Tabou n’est pas seulement cette splendeur qui marque durablement. Ce film portugais ayant réuni près de 200 000 spectateurs prouve que les prix et le travail de la critique, précédée d’une folle rumeur, peuvent s’accorder d’une seule voix afin de hisser le film vers un large public. Paradoxe : d’abord livré à une presse le vouant aux gémonies, Tabou a su tirer parti de son aura débordante, échappant à la mort subite que des milliers de films subissent chaque mercredi, comme à l’abattoir.

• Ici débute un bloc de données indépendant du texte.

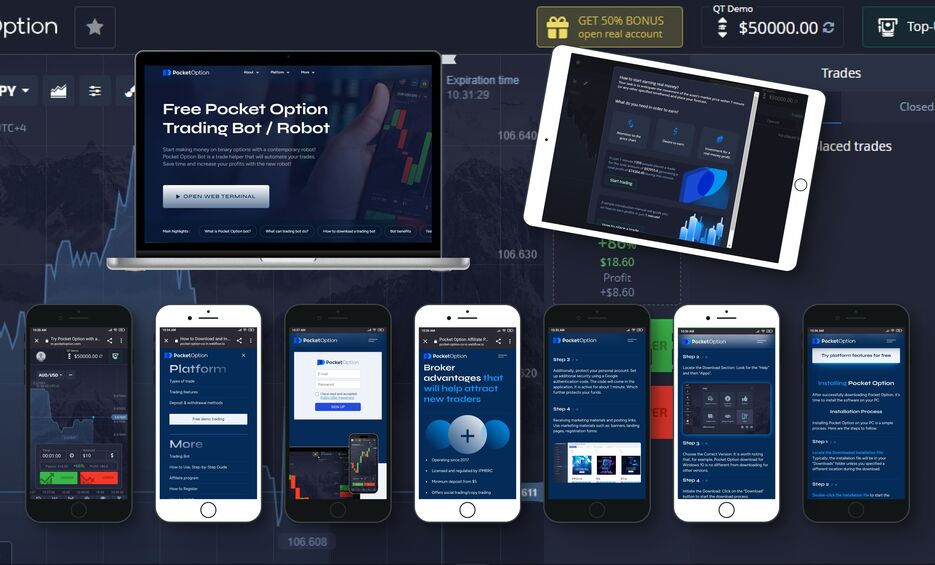 Exploring the Potential of Trading with Pocket Option RU Exploring the Potential of Trading with Pocket Option RU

Et pourtant. Au consensus critique, certains ont loué en réponse un mépris. Réflexe, désamour de l’exercice ou relent ancestral qui consistent à enterrer les textes avant qu’ils ne soient lus. Il a suffi de parcourir les revues, les webzines pour y voir surgir, au détour de somptueux textes, un même enjeu et saisissement : comment clamer la beauté d’un spécimen que l’on découvre une à deux fois par décennie ? Évidemment, quelques rabat-joies se sont mêlés au débat. D’autres ont su l’élever : Tabou serait la première pierre angulaire d’une nouvelle révolution cinématographique. Mais si cet accueil tient dans l’ensemble du miracle, il porte en lui un curieux prologue.

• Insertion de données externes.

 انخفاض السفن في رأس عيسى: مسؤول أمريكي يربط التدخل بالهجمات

Dévoilé en février 2012 au Festival de Berlin, le film de Miguel Gomes est distingué notamment du Prix de l’innovation Alfred Bauer. La rumeur du grand film s’amplifie, avant que le festival Paris Cinéma ne lui décerne le Coup de cœur du jury. En même temps, l’attente est si forte qu’elle va inscrire Tabou dans l’ère 2.0 qui est la nôtre, avant même sa sortie. Tandis que les acheteurs se battent pour lui depuis la Berlinale, l’internaute en prend connaissance, quand on le retrouve peu de temps après sur une plate-forme de Peer-to-peer. La chronologie se dérègle : la rumeur enfle, la sortie s’éloigne. Le public languit jusqu’au 5 décembre, soit dix mois après sa découverte… Il est des succès qui restent insondables : le film fait 3000 heureux le premier jour d’exploitation en France. Soudain, le lien opère. Un miracle aussi, qui balaie les questions liées à l’attente et à la réception critique. Cette anecdote tient lieu de morale : oui, la presse a contribué au succès de Tabou ; non, elle n’a pas le monopole du goût.
Précision : le double DVD comporte deux courts-métrages inégaux de Miguel Gomes, ainsi qu’un extrait d’un beau livre d’entretiens avec le cinéaste, menés par Cyril Neyrat (Éditions Independencia).
Tabou. DVD Shellac, sortie le 7 mai 2013.